Name a Subway sandwich shop that does not have > $250K AGI.
Name a Laundromat that doesn't have > $250K AGI.
Name a Quickie Mart that doesn't have > $250K AGI.
You can't? That's right, because small businesses have AGI's above that, but you, as the owner, are lucky if you take home $60K. When you buy or start a small business, you have not bought yourself a small business, you have bought yourself a job; one that pays about half what a recent college graduate would get as a starting salary at Google ($100K-$120K).
Further, these are *cash flow* businesses; what this means is that what you don't take out to pay your income taxes + food + transportation + mortgage + kids braces, gets immediately plowed back into the business. You can have a *huge* AGI, and have nearly no net profit to show for it.
And guess what? You pay your taxes quarterly out of net profit, and *then* any leftovers which haven been eaten up in day to day operations, *you put back into the business, under the reasonable expectation that the state of California is not going to come back to you with a gun in their hand and say "this is a stickup!".
I have a bunch of friends who run small businesses. Three of them -- roughly 20% of them -- had to close their businesses and sell off the capital assets of the business in order to pay this surprise retroactive tax; they are now working for other people, and the savings they had put into getting their business up and running in the first place: just gone. Two more decided to try and stick it out by getting second mortgages on their homes; if California comes back to the well... they will lose their houses over it.

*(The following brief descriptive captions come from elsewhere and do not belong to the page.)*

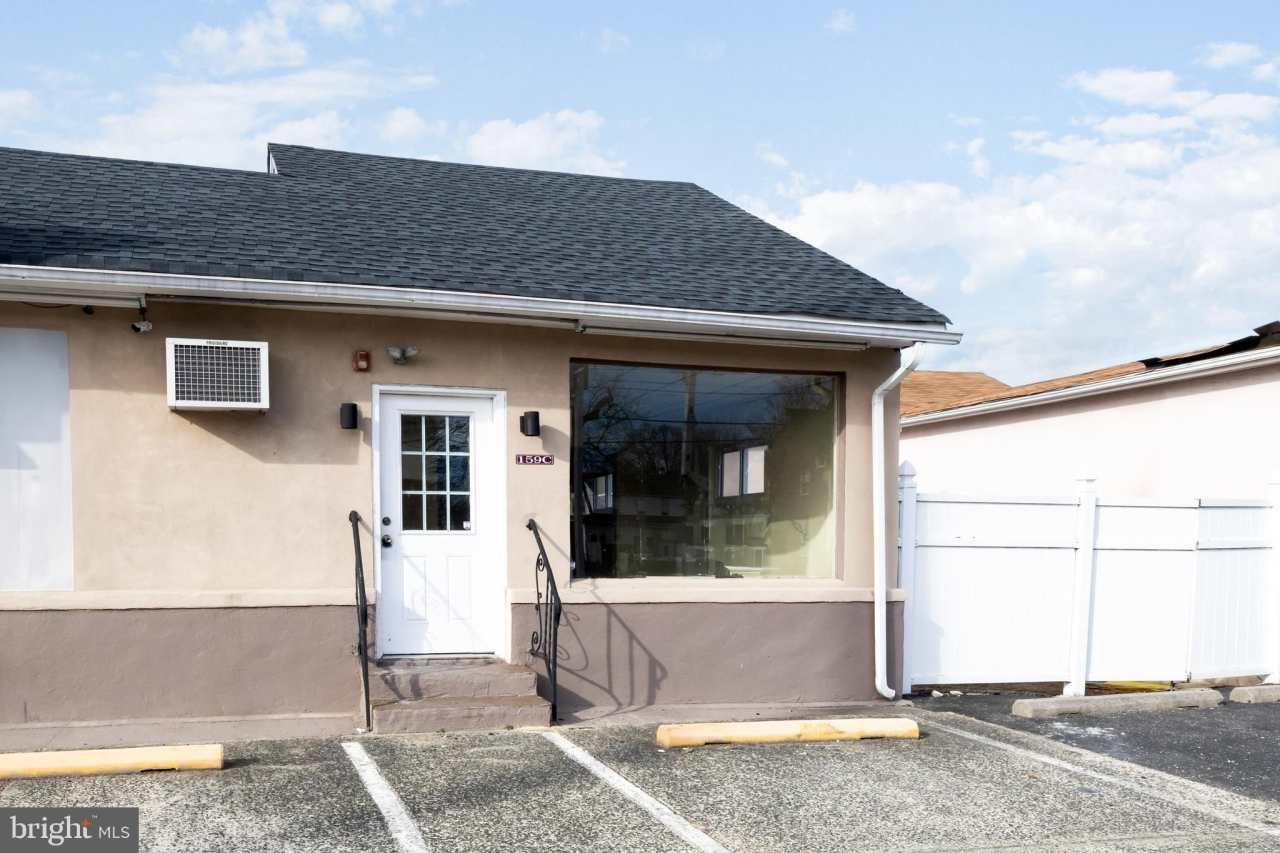 159 S BLACK HORSE Pike unit: C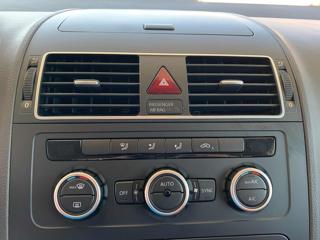 VOLKSWAGEN Touran usata, con Specchietti laterali elettrici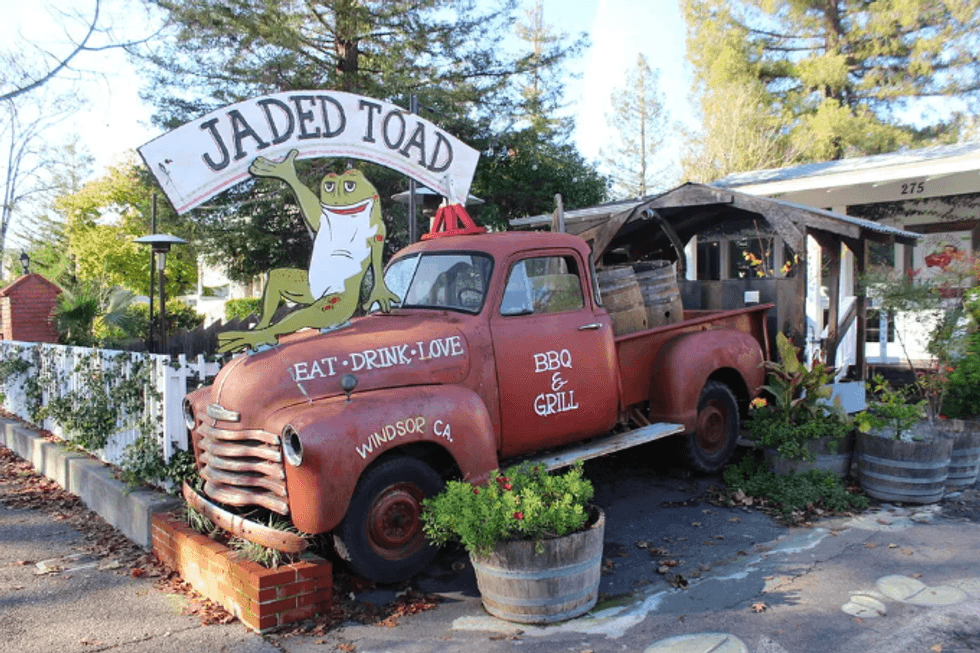 Modern Guide To Windsor A Craft Beer Explosion Southern Comfort Food Wine Croquet 7x7 Bay Area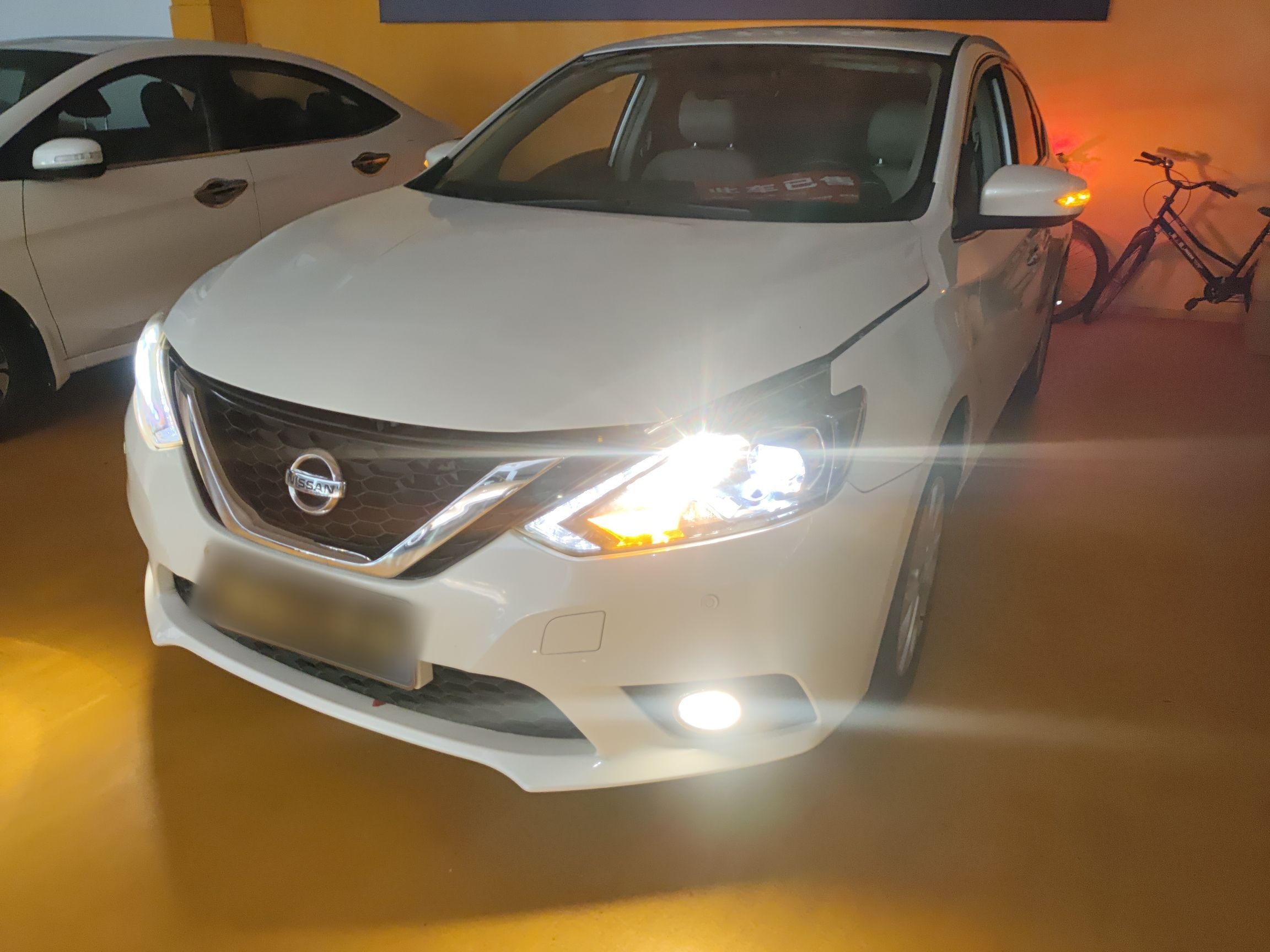 تحت مقدمة السيارة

I have other friends who had paid taxes on exercise-and hold stock options, and RSUs; guess what? they had to pay gain. Guess what else? They had to convert some of that stock -- which is basically their only retirement plan, because it's not like tech companies offer pensions these days -- and pay *short term capital gains tax on that conversion, instead of being able to hold it until it was long term and the tax rate was lower, which meant they had to convert even a larger chunk to cover the difference, and to cover the tax on the conversion. So basically, they got taxed 3 times on an asset that they technically have not even realized yet.

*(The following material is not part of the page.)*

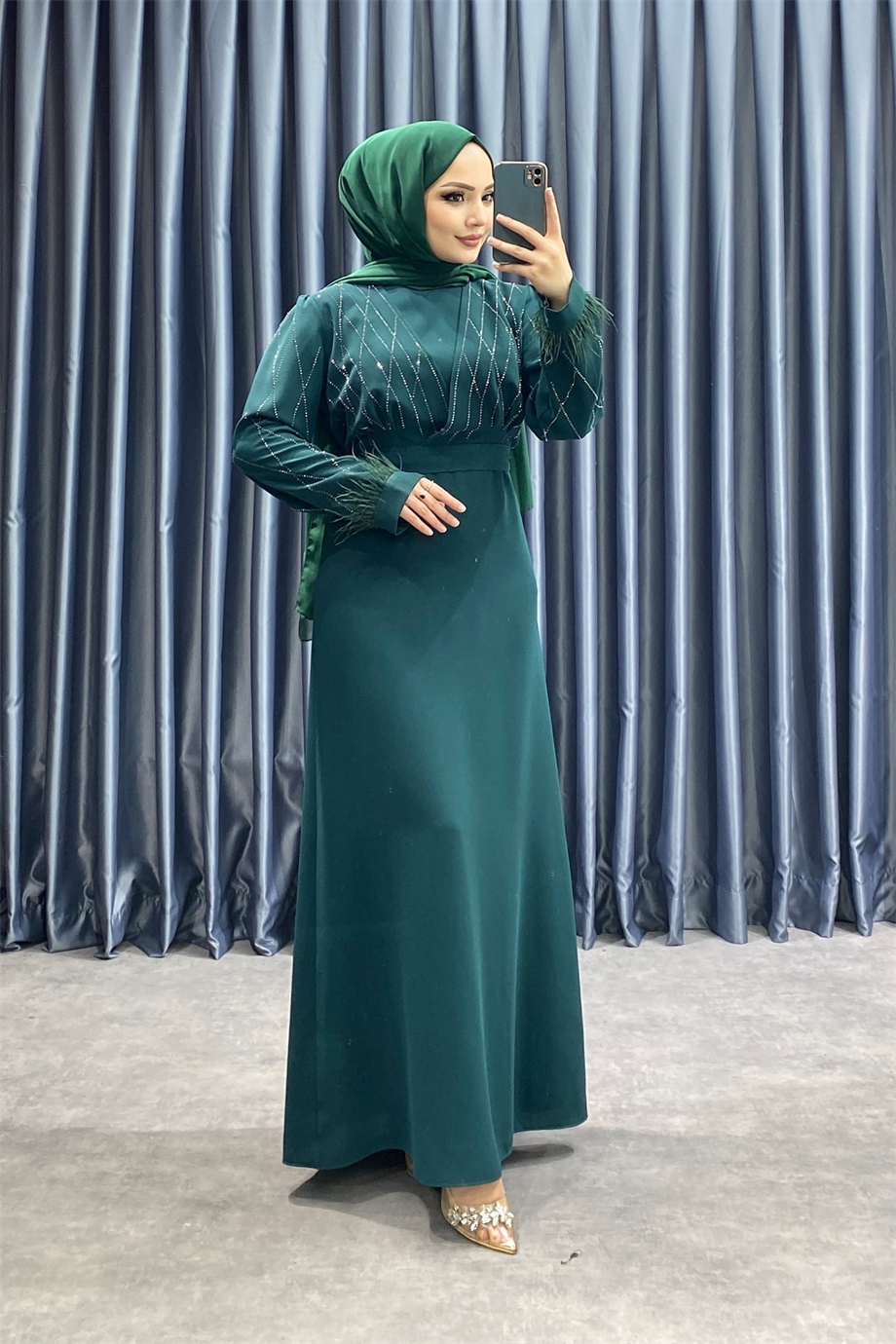 Kolu Tüylü Ve Taşlı Elbise Yeşil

Do you know the difference between theoretical value and "Mall Money"? Apparently, you don't, so let me spell it out to you: Mall Money is money you can take down to the mall and spend on something. Theoretical money is an unrealized gain, and it's imaginary until you convert it from a financial instrument into cash (at which point you pay tax on it).
You think prop 30 taxed only CEOs and "wealthy mother fuckers who deserved it", as one person is quoted as saying in the run up to the vote; that's not the case. The wealthy people had already moved their cash into tax free municipal bonds and other non-taxable instruments by the time it was an idea. Or they moved out of state before it passed, so it didn't apply to them. Hello, Austin! Hello, Tahoe!
A lot of people lost their small businesses over prop 30. Other people lost their homes. The cut off was too low, and the people behind prop 30 *knew this* and went ahead with it anyway, so that they could buy these assets at fire sale prices.
Guess what the state realized in tax revenue?
About what the California parks and recreation department had squirreled away and was hiding from the people of California.
It was a totally unconstitutional ex pos facto tax, and it wasn't needed, if the people currently in government weren't cheating the people of California and fudging their numbers. It was nothing more than a property grab by the actually wealthy from the seemingly wealthy. Disgusting.